Phase IV — Alert and Respond
This is where the SOC’s video wall earns its keep. Where does the alert appear, and with what visual urgency? Does it route to the on-call analyst, escalate, or open a case? What outcome metrics are captured to feed the next iteration?
The mature SOC operates all four phases in deliberate sequence. The immature SOC starts at Phase III, ships, and wonders why its analysts are exhausted.
Sap the Silicon
The phrase came from the field. Customer after customer would invest seven or eight figures in a SIEM and operate it as a rules library — fire-and-forget configurations, vendor-shipped templates lightly customised, dashboards nobody watched.
I would tell them: Sap the silicon for all that it’s worth.
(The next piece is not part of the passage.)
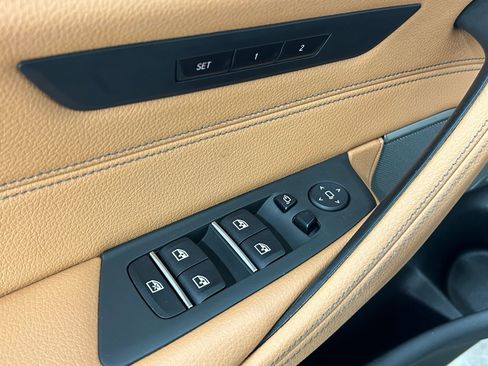 Used 2023 BMW 540i xDrive w/ M Sport Package image 26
Get the last dollar of value out of what you bought. Turn the SIEM from a license line into a decision-support engine. Demand that every rule trace upward to a use case, and every use case trace upward to a business problem. Demand that every alert reaching an analyst has earned its place by passing through the discipline of evidence — not just the threshold of detection.
The AI Use Case Trap
Watch the next twelve months carefully. “AI use case” is about to become exactly what “SIEM use case” became — a phrase diluted into meaninglessness by people who cannot yet tell the difference between a rule, a tactic, and a strategy.
The mature practitioner asks the same Phase I questions. What is the business risk that AI in this slot serves? Who owns it? What is the discrete objective this AI capability advances? Sap the silicon applies to AI as cleanly as it ever applied to SIEM.
The names change. The discipline doesn’t.
Closing
A SOC that ships use cases produces fewer alerts and earns more trust. A SOC that ships rules produces more alerts and erodes its own standing. The platforms cannot tell the difference. The analysts can. The boards can.
The next time someone hands you a three-hundred-and-fifty-row Excel sheet labelled “use cases,” return it. Ask them to name the business problem each row serves. Watch what happens.
That is the test. It separates the senior from the earnest, the platforms from the practices, the rules-libraries from the engineering disciplines.